Dataset extract:
----

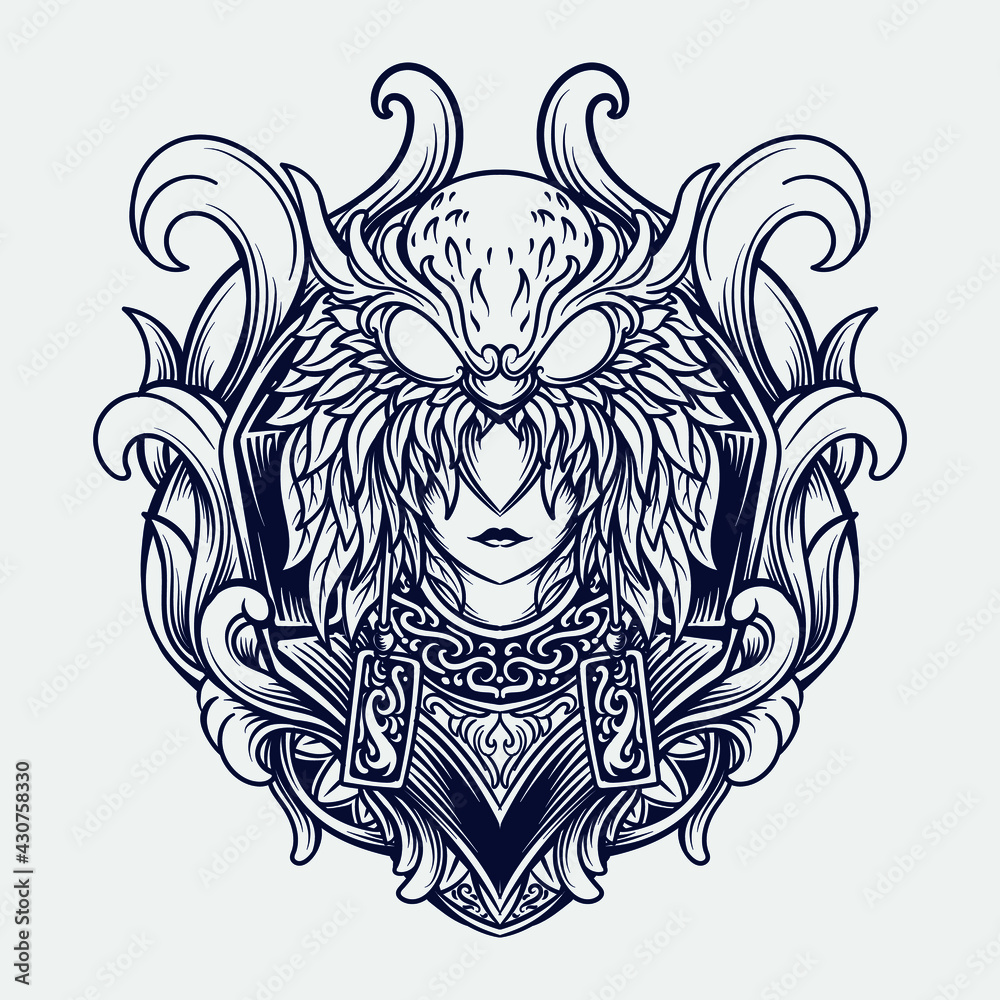 Fototapeta premium tattoo and t shirt design black and white owl women engraving ornament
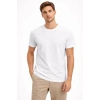 Erkek Bisiklet Yaka Yazlık Kısa kol Düz Tişört Regular Kalıp T-shirt - Beyaz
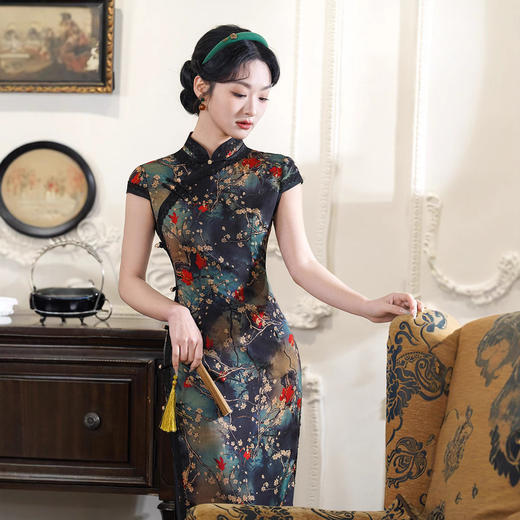 改良旗袍日常国风，修身民国风文艺XL2073 商品图1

----

Give the data above again exactly. Leave the pictures out.

 Fototapeta premium tattoo and t shirt design black and white owl women engraving ornament
 Erkek Bisiklet Yaka Yazlık Kısa kol Düz Tişört Regular Kalıp T-shirt - Beyaz
 改良旗袍日常国风，修身民国风文艺XL2073 商品图1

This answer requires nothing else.